:: Available data ::

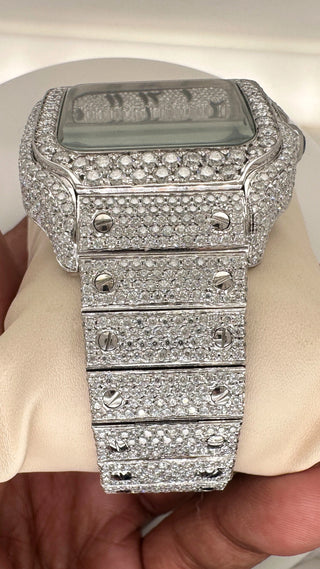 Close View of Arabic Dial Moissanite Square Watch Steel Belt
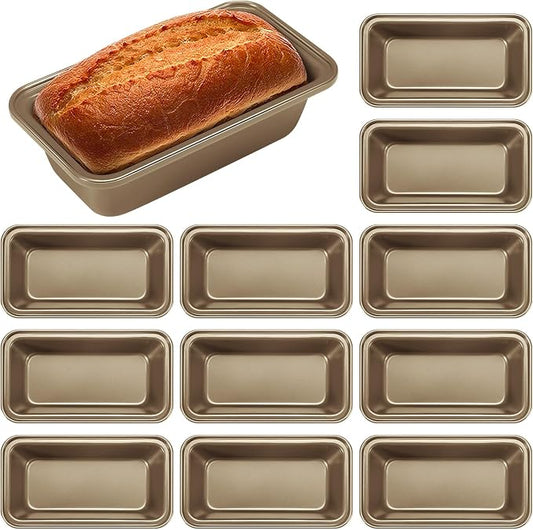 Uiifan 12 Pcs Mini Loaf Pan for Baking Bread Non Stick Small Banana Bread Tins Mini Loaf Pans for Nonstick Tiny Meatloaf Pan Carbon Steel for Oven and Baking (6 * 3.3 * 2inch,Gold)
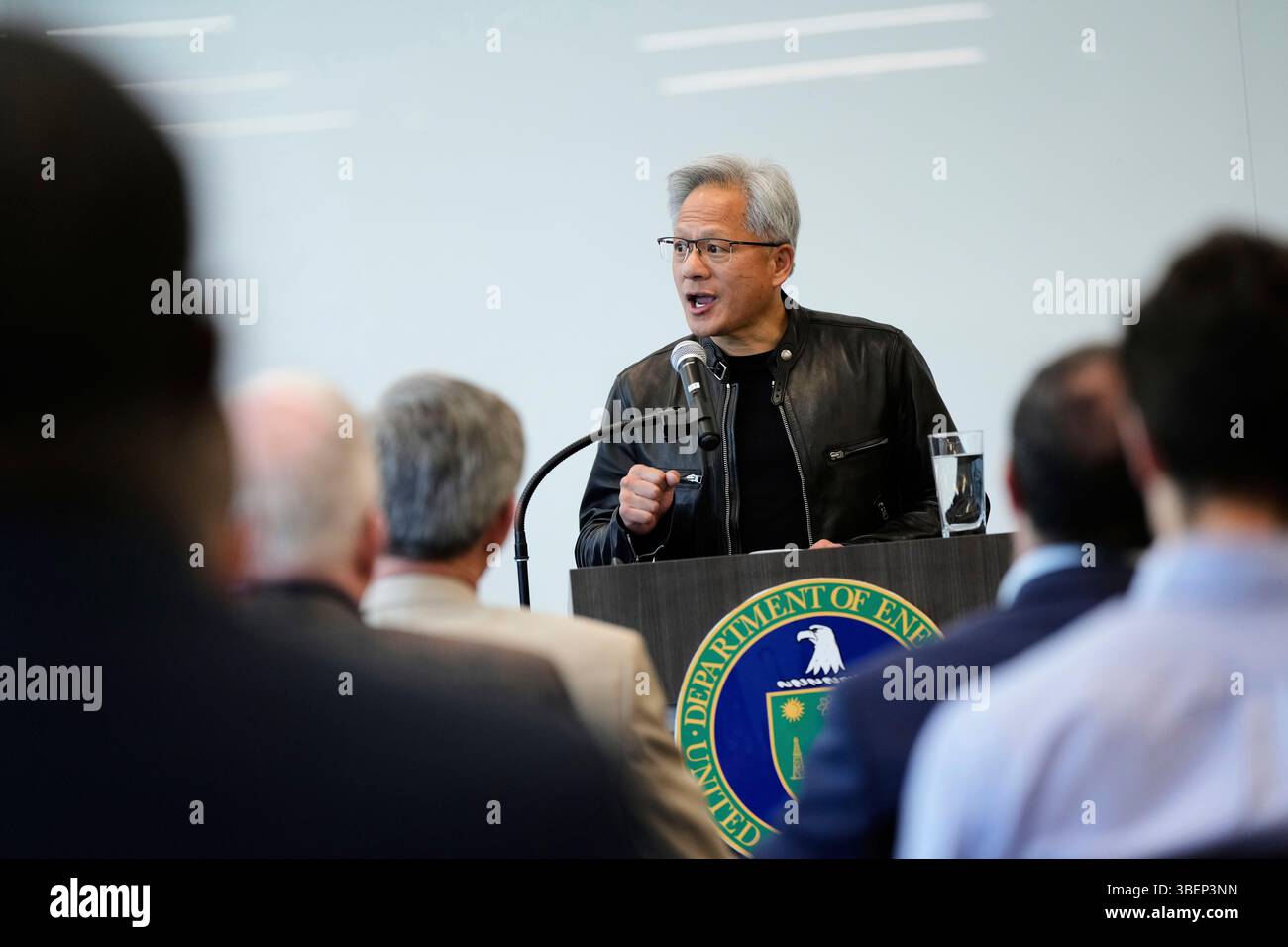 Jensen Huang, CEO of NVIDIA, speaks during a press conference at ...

:::

Pictures are not part of the copy; retype all the other material exactly.

 Close View of Arabic Dial Moissanite Square Watch Steel Belt
 Uiifan 12 Pcs Mini Loaf Pan for Baking Bread Non Stick Small Banana Bread Tins Mini Loaf Pans for Nonstick Tiny Meatloaf Pan Carbon Steel for Oven and Baking (6 * 3.3 * 2inch,Gold)
 Jensen Huang, CEO of NVIDIA, speaks during a press conference at ...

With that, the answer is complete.